HDFGroup / h5pyd

h5py distributed - Python client library for HDF Rest API
Other
110 stars 39 forks source link

hsload fails decoding ASCII encoded attributes #135

Closed mahoromax closed 1 year ago

mahoromax commented 1 year ago

When using hsload with a file (created from Matlab btw.) errors occur as soon as an ASCII-encoded (cset=H5T_CSET_ASCII) attribute with a special character is processed.

I do realize that this is probably a fault with the h5 library that created this file, not specifying UTF8 or an ASCII Extension (latin-1) here, but just pressing this into the file and pretending it is ASCII.

When I try to upload a file like this with hsload, the operation stops with the error:
UnicodeDecodeError: 'utf-8' codec can't decode byte 0xb0 in position 0: invalid start byte

Following the stack traceback I can see that int attrs.py line 107 decoding is called as utf-8 without any checks what the used character set is.

I can see that all supported HDF5 charsets could be implemented in the long run, or using a converter.

I'd wish that at least some workaround would prevent the full command from failing

jreadey commented 1 year ago

Thanks for reporting this. Sounds like it should be fairly easy to add the check. Could you attach a sample HDF5 file which fails like this?
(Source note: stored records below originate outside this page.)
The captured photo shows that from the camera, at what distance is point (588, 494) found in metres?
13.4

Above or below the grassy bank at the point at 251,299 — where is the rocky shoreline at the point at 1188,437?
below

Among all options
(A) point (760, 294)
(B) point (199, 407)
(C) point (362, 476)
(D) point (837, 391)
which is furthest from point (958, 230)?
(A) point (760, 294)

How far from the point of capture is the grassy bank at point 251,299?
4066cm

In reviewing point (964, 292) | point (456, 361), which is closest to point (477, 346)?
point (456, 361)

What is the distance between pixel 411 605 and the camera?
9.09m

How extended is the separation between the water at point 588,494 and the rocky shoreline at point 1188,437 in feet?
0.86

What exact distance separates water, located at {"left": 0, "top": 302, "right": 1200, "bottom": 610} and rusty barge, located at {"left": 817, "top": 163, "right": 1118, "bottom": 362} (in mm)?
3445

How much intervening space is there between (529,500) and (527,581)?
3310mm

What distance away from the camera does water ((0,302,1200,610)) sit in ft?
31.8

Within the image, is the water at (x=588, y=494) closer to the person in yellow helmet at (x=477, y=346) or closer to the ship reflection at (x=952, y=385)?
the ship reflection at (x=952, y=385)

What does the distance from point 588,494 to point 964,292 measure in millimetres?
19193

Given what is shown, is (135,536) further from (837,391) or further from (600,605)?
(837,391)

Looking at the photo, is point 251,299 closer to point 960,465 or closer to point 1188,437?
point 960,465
ajelenak commented 1 year ago

Hi @mahoromax,

Just to clarify:

I do realize that this is probably a fault with the h5 library that created this file, not specifying UTF8 or an ASCII Extension (latin-1) here, but just pressing this into the file and pretending it is ASCII.
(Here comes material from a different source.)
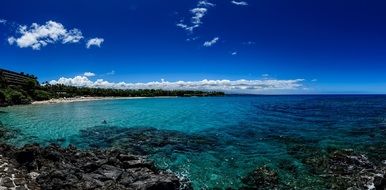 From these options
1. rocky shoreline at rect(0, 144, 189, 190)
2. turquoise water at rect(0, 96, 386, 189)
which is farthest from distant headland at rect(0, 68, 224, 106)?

It's not a fault of the HDF5 library but of the application that used it. Perhaps MATLAB has a special way of stating string encoding somewhere else in their HDF5 files.

Perhaps use of the chardet or cchardet package can help here in guessing the correct 8-bit encoding like latin-1 once UTF-8 turns out to be a wrong assumption.

mahoromax commented 1 year ago

Here are two (cut down) examples, the first (_transmission) is because of a ° symbol and the 2nd (130_100) because of an 'ä' char. Had to zip them so GitHub would accept them here. h5.zip

I think I used "h5 library" wrongly before, I meant that it was the wrappers implemented in Matlab. I'd have to investigate which versions of Matlab were used, it it could be different versions though.

jreadey commented 1 year ago

@mahoromax - thanks for the sample files. Your sample is a bit problematic as it has a an attribute value that can't be encoded as a utf-8 string. In h5pyd attribute values get encoded as strings to be sent as REST requests. On the HSDS side, attribute values get stored as JSON data (which doesn't allow arbitrarily byte data).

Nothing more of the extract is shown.